Trois gestes plus tard, tout est prêt. J’éteins la lumière de la cuisine, migre au salon, m’assois lourdement dans le canapé et souffle. Grand, qui vient de finir son petit travail, se met tout contre moi et dit:

- On lit un petit livre, alors?

- D’accord, mon doux. 

Grand a emprunté à la bibliothèque de l’école un livre de recettes sur les macarons. Il se rappelle parfaitement de ces délices qu’on avait été déguster à Santiago, dans une pâtisserie française bon chic bon genre, il y a un an et me demande, après avoir lu une ou deux recettes, quand on pourra y retourner. Bientôt, bientôt…C’était lesquels tes préférés? Celui à la violette! Et à la vanille! C’est un moment sucré que nous passons tous les deux après une soirée amère. À la fin de la lecture, il me fait un grand câlin qui est doux comme le regret.
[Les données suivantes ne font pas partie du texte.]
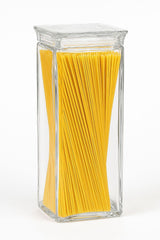 Clear acrylic jar filled with yellow spaghetti on a white background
Je le regarde et, en retenant mes larmes (la fatigue me tient à fleur de peau), je dis doucement:

- Mais Grand… on passait une bonne soirée… hein, on était tranquilles, et il a fallu que vous vous disputiez, comme ça!

- Ben quoi, Maman, c’est la vie!

- C’est la vie?

- Ben oui, toi avec Tonton Hadrien et Tata Eléonore, vous vous disputiez beaucoup. Et maintenant, vous ne vous disputez plus. Donc c’est la vie!

- D’accord, mais elle pourrait être plus douce si on y mettait tous du nôtre, tu ne crois pas?

Oui, mais je pense que si on allait acheter des macarons, on ne se disputerait plus jamais et on aurait la plus belle des vies.